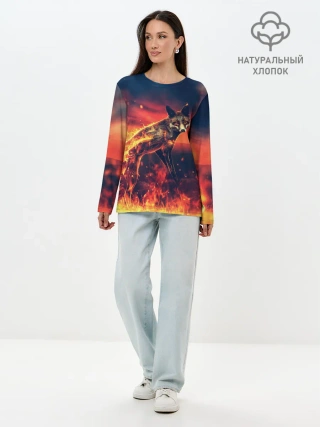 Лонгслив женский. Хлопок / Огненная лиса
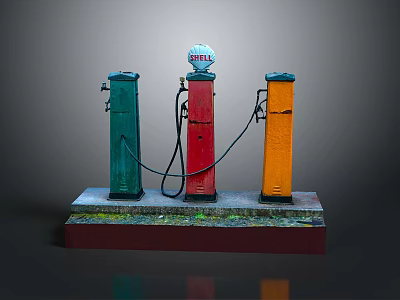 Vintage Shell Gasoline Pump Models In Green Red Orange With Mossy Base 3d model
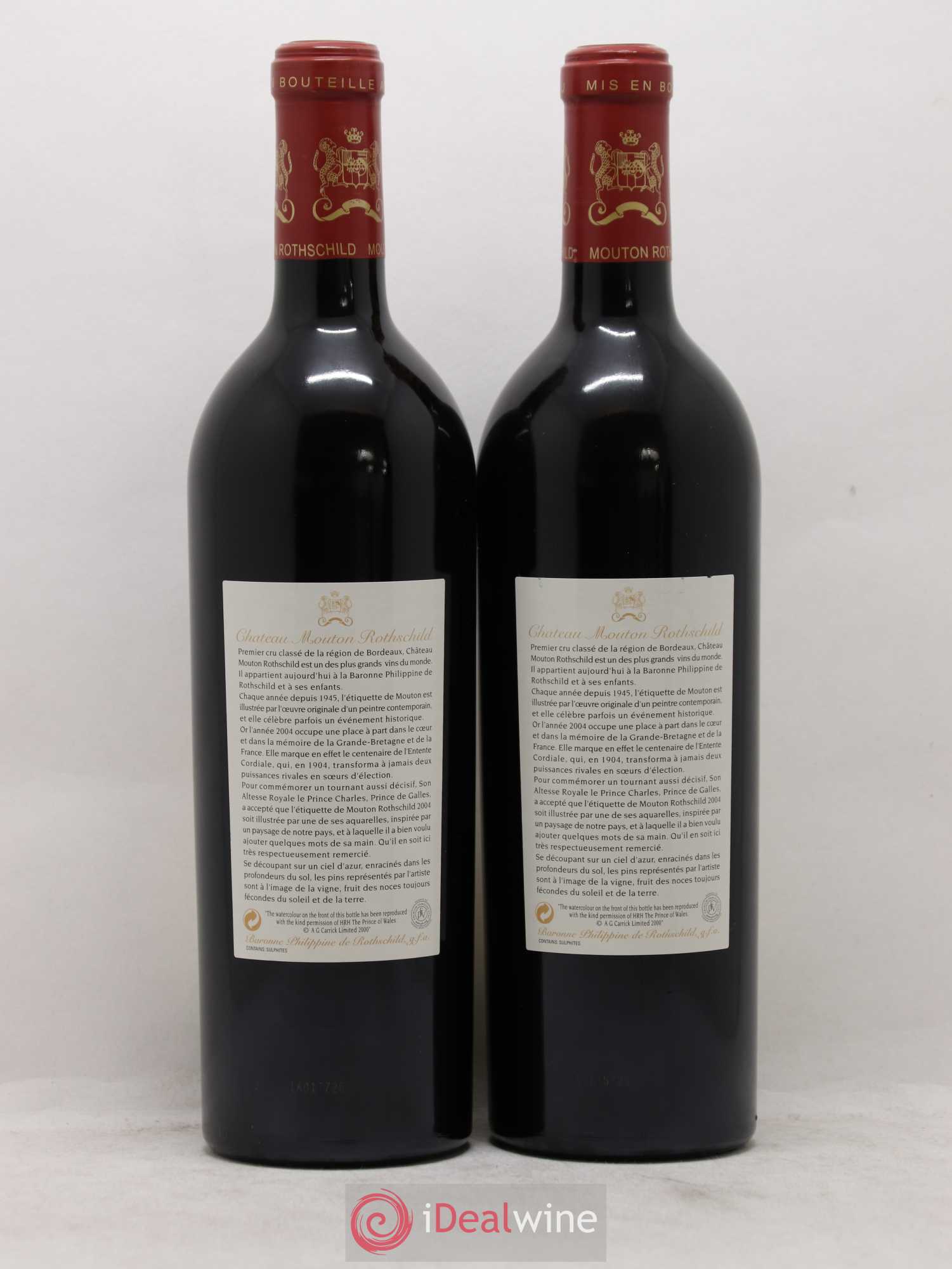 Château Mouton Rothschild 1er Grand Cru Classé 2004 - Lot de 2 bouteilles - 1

==

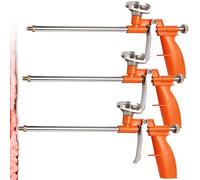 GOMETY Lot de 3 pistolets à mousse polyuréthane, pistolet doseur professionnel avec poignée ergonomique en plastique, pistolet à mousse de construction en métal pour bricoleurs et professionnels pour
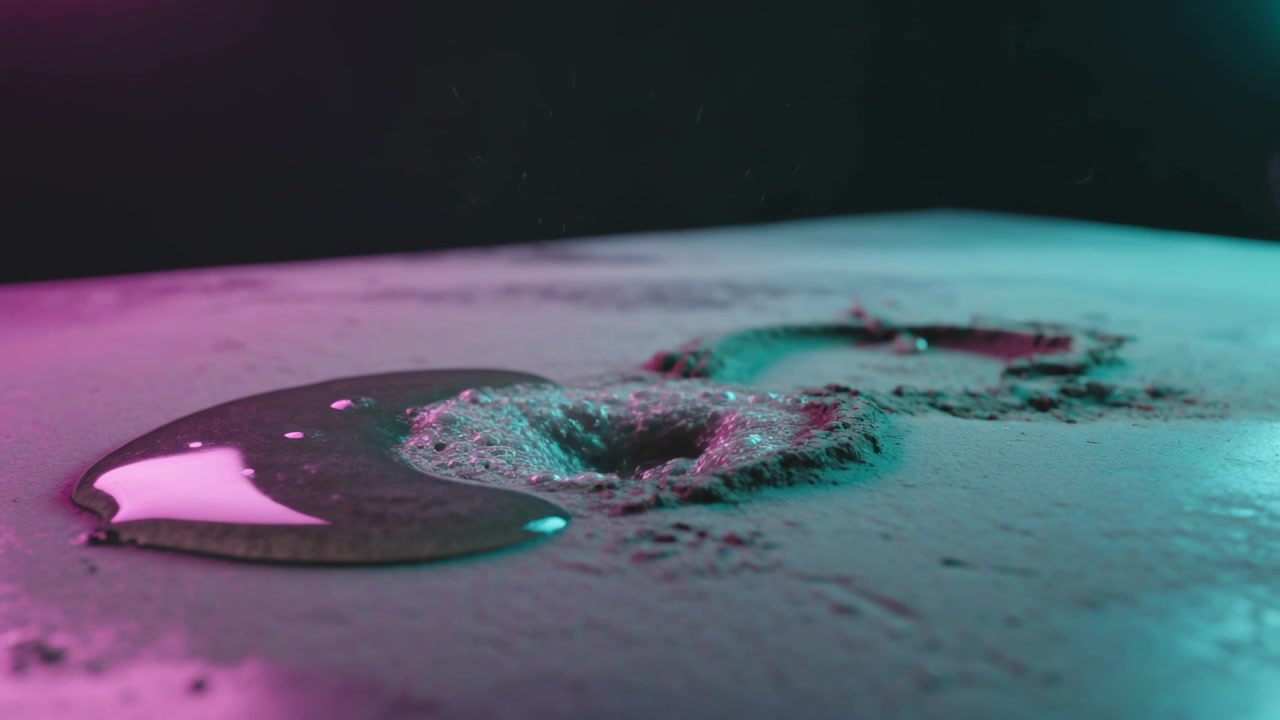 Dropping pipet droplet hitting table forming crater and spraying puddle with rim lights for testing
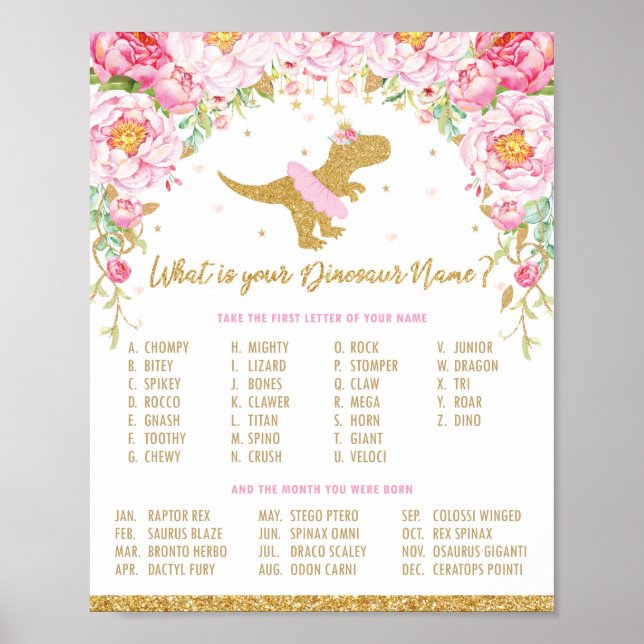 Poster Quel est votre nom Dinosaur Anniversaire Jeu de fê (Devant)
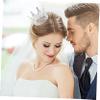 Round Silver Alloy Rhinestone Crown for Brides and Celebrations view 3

EXERCISE OBJECTIVE:
The answer must be the lines above from the one containing "Vintage Shell Gasoline" through the one containing "Château Mouton Rothschild", reproduced exactly, with no pictures and nothing else.

TASK RESPONSE:
 Vintage Shell Gasoline Pump Models In Green Red Orange With Mossy Base 3d model
 Château Mouton Rothschild 1er Grand Cru Classé 2004 - Lot de 2 bouteilles - 1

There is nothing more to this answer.